**EXERCISE DIRECTIONS**
Copy out every line in the entries below that includes "para".

**RECORDS SHOWN**
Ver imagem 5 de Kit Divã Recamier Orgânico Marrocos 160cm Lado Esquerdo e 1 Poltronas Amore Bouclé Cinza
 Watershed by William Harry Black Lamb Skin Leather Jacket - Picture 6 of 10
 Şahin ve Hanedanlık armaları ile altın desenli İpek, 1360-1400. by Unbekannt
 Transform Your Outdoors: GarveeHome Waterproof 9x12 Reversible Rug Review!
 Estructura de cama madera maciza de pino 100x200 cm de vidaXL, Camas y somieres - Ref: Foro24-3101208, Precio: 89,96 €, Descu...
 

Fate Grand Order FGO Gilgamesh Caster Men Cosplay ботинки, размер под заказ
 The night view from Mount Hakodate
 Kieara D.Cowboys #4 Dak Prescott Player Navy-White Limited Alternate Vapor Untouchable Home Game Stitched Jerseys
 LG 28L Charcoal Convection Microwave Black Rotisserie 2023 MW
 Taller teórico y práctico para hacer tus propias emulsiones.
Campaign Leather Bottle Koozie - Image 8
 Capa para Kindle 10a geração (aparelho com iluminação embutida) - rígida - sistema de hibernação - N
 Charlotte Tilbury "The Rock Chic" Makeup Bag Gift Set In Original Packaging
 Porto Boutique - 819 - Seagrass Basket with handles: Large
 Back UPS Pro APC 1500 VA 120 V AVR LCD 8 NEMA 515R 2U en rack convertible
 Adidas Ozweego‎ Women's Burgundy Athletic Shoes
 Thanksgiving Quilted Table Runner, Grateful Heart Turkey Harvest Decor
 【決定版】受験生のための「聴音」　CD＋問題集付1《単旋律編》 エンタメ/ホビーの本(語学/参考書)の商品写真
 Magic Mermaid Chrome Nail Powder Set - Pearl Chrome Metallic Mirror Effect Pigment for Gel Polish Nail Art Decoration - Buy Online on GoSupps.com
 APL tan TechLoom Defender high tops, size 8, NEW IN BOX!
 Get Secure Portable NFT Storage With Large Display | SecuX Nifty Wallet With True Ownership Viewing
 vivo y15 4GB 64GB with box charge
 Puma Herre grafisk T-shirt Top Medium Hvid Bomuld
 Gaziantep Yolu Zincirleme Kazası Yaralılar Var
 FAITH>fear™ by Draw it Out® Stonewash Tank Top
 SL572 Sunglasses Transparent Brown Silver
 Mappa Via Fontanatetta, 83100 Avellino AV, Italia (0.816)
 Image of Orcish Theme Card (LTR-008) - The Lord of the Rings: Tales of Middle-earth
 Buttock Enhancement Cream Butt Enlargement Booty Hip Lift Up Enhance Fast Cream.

**RESULT OF THIS TASK**
 Taller teórico y práctico para hacer tus propias emulsiones.
 Capa para Kindle 10a geração (aparelho com iluminação embutida) - rígida - sistema de hibernação - N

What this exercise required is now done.